Hamlet (RSC)

5
The RSC's Hamlet at the Albery Theatre:
By Gene
The opening by RSC play for the six month season at the Albery needed to be something special. As the audience arrived there was a great sense of expectation on the place, the production and, of course, the actors. What was delivered was nothing short of spectacular. Within a simple, yet imposing set Michael Boyd (Director) made the words count. There were no special tricks to hide the play behind. The play was out front and totally stripped bare of theatrical trappings. This kind of physical exposure of actor and character gave the production a raw and unnerving edge to it as the Kingdom and the tragic lives of those who lived therein collapsed in a downward spiral of deceit and despair.

All that said, this production did have a few laughs. Richard Cordery as Polonius gave a hard faced and dry-witted performance that was fed from his use of aside and comic timing in the, sometimes, most serious moments. This was a very studied and manful performance. The Ghost, the Player King and the Grave Digger were all played by the amazing Greg Hicks. An ever-present presence haunted the stage with a stillness and control evocative of a Greek Tragedy. Hicks, snake-like, mounted the stage and one could not take one’s eyes off this stealth figure as he owned the stage. It is no wonder Francisco and Bernardo were scared. I was! The brilliant use of Greg Hicks in all three roles made King Hamlet’s ghost more than an echo of something that was. In this way, the old king was possessing other people in a bid for revenge and communication to his son Hamlet. Hamlet, in turn, trusted and confided in these figures and he fought between madness, loyalty, love and revenge.

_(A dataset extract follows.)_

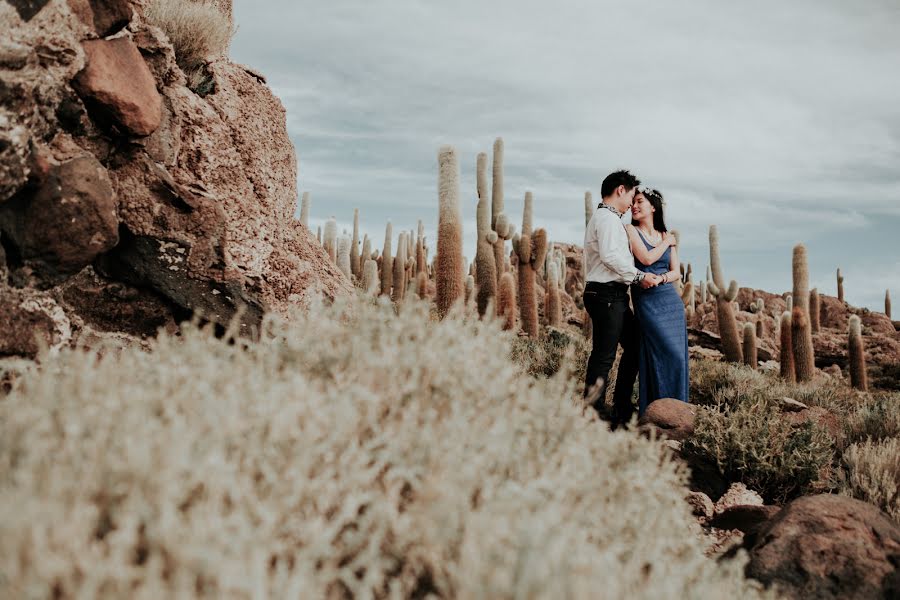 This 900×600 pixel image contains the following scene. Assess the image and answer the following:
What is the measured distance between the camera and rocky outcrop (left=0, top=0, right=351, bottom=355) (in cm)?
352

Toby Stephens was a sensation. There is not much more to say. This is the Hamlet for the 21st Century – without a doubt. Within a camp madness came a sensitivity that grabbed the heart and pulled gently on it for nearly three hours. Stephens’ Hamlet was delivered with a feigned superficiality that left me feeling desperately moved for the inner turmoil that was in his heart and in his head. When Hamlet was at Ophelia’s graveside, he threw away all mock madness and hate, to admit his love for the dead Ophelia. This window into the soul of Toby Stephens’ Hamlet gave a clue to all the questions scholars have asked for years about the mental state of the young prince. It is my belief that this was a Hamlet who was acting mad; as the admission of love came from the soul of a desperate and broken man who has now lost everything that was dear to him. In the drop of Hamlet’s guard did we see the broken man that existed within this steel exterior. I would implore anyone to go and see this production. Not only for the stunning design by Tom Piper, evocative lighting by Vince Herbert that was beautifully underscored by the moody and chilling sound, compose by John Woolf, but also everyone needs to see the New Prince of Denmark. No longer a petulant tick with a score to settle, but a man with a heart and a soul who holds an audience in the very palm of his hand – that is, of course, the Hamlet created by the stunning and crafted performance of Toby Stephens.